На русском языке вышла книга Абхиджита Банерджи и Эстер Дюфло, в которой новоиспеченные лауреаты Нобелевской премии по экономике предлагают решения самых острых проблем современности. Насколько эти советы убедительны и чем ценна их внутренняя противоречивость, разбирался Фарид Хусаинов.

Абхиджит Банерджи и Эстер Дюфло. Экономическая наука в тяжелые времена. Продуманные решения самых важных проблем современности. М.: Издательство Института Гайдара; СПб.: Факультет свободных искусств и наук СПбГУ, 2021. Перевод с английского М. Маркова и А. Лащева. Содержание

При попытке коротко сформулировать, о чем эта книга, возникает ощущение, что единого объекта и предмета у нее нет. Она касается самых разных тем и составлена из глав, которые могли бы публиковаться самостоятельно — в виде отдельных брошюр о проблемах глобализации и экономического роста, экономических причинах и последствиях дискриминации, бедности и неравенстве и о том, что со всем этим всем должны (или не должны) делать правительства, общества и эксперты-экономисты. Да что главы, даже отдельные параграфы могут быть вполне самостоятельными работами (и, вероятно, ими были).

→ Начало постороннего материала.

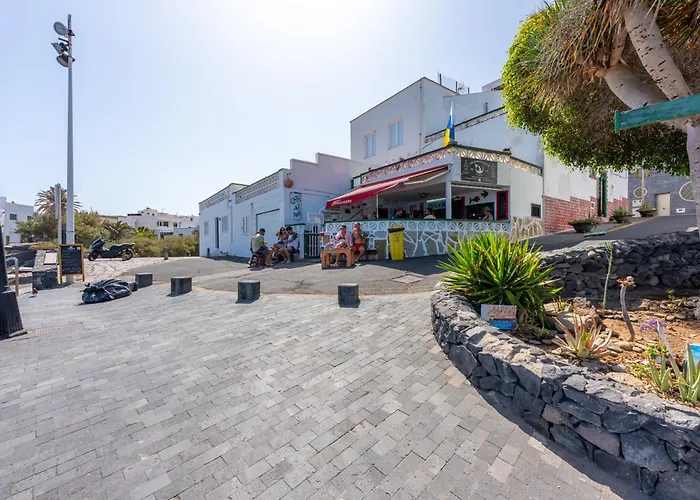 Apartment El Poris *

И хотя подзаголовок намекает, что книга посвящена «решению самых важных проблем современности», она в большей степени о самой экономике как о комплексе определенных методов и подходов. Иными словами, это не сборник с описаниями экономических проблем, это — школа мысли, и именно поэтому работа Банерджи и Дюфло будет интересна всем, кто следит за современной экономической наукой.

Сразу стоит оговорить, что авторы отстаивают куда более левые идеи, чем это обычно делают экономисты. (Как известно, представители экономической профессии в целом более правые, чем представители других социальных наук — например, социологи.)

Чем экономисты отличаются от обычных людей?
Авторы начинают с наблюдения: американское общество перестало доверять экономистам — им верят реже, чем синоптикам, хотя и чаще, чем политикам. «Недостаток доверия, — пишут Банерджи и Дюфло, — отражает тот факт, что профессиональный консенсус в экономической науке (когда он существует) зачастую систематически отличается от представлений обычных граждан».

В качестве примера авторы указывают на опрос, который регулярно проводит Школа бизнеса имени Бута при Чикагском университете: сначала опрашивают группу квалифицированных экономистов, затем на точно такие же вопросы просят ответить обычных респондентов. «По большинству из этих вопросов экономисты и наши респонденты были совершенно не согласны друг с другом», — отмечают авторы. Например, все опрошенные экономисты считают неверным утверждение, что введение импортных пошлин на сталь и алюминий повысит благосостояние американцев. Среди граждан протекционистские меры поддерживают более трети респондентов. Или, скажем, за свободу торговли выступают 95% экономистов, и не более 51% простых смертных. При этом подавляющее большинство профессионалов (97%), как ни удивительно, согласны с необходимостью повысить налоги, а среди граждан таких только 66%. На фоне подобных расхождений «значительная часть широкой публики перестала слушать мнение экономистов об экономике» — по версии авторов это происходит потому, что «вокруг слишком много плохой экономической науки», а «говорящие головы трудно отличить от академических экономистов».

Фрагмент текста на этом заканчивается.